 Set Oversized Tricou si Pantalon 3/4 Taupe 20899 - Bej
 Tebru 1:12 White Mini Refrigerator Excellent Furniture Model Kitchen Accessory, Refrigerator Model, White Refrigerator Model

##########

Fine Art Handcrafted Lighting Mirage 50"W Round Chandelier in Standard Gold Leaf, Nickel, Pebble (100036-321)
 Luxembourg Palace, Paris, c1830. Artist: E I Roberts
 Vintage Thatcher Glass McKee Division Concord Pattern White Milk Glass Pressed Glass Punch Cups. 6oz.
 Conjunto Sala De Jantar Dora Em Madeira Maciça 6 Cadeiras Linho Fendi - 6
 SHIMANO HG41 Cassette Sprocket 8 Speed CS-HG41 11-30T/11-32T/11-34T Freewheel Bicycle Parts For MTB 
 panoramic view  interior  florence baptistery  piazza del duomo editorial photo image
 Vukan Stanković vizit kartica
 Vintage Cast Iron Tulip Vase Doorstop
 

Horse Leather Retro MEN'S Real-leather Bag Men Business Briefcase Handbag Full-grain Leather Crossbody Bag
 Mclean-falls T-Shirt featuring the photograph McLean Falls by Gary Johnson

##########

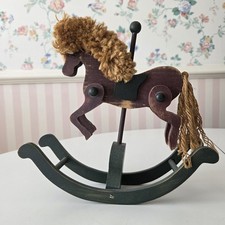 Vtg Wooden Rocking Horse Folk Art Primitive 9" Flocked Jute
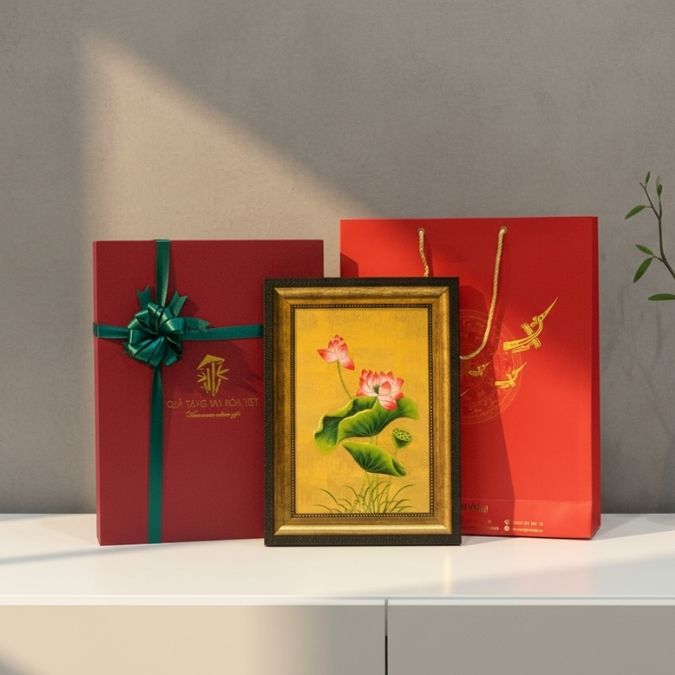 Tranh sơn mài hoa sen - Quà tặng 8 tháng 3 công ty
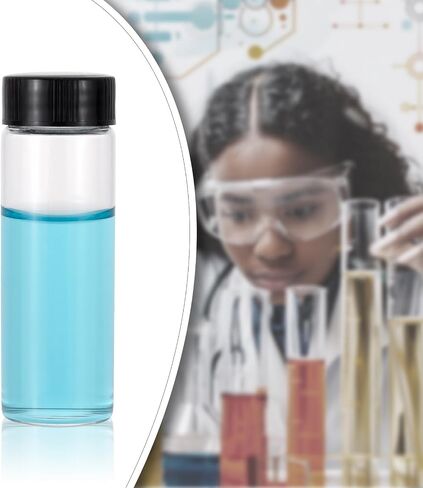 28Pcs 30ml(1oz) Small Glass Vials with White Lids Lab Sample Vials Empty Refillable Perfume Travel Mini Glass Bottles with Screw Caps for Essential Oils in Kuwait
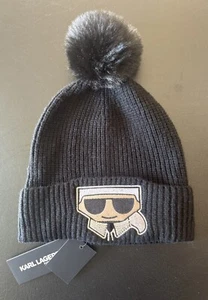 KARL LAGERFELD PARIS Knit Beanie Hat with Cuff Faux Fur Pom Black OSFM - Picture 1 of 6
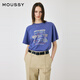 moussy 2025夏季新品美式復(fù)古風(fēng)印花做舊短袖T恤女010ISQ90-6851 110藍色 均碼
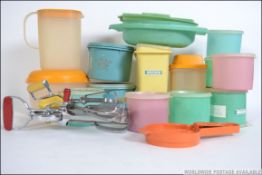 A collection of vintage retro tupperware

##########

Task requirements: Among the records above, only the lines between the line holding "Fine Art Handcrafted" and the line holding "Vintage Thatcher Glass", inclusive, are to be output, exactly as written.

Answer below:
Fine Art Handcrafted Lighting Mirage 50"W Round Chandelier in Standard Gold Leaf, Nickel, Pebble (100036-321)
 Luxembourg Palace, Paris, c1830. Artist: E I Roberts
 Vintage Thatcher Glass McKee Division Concord Pattern White Milk Glass Pressed Glass Punch Cups. 6oz.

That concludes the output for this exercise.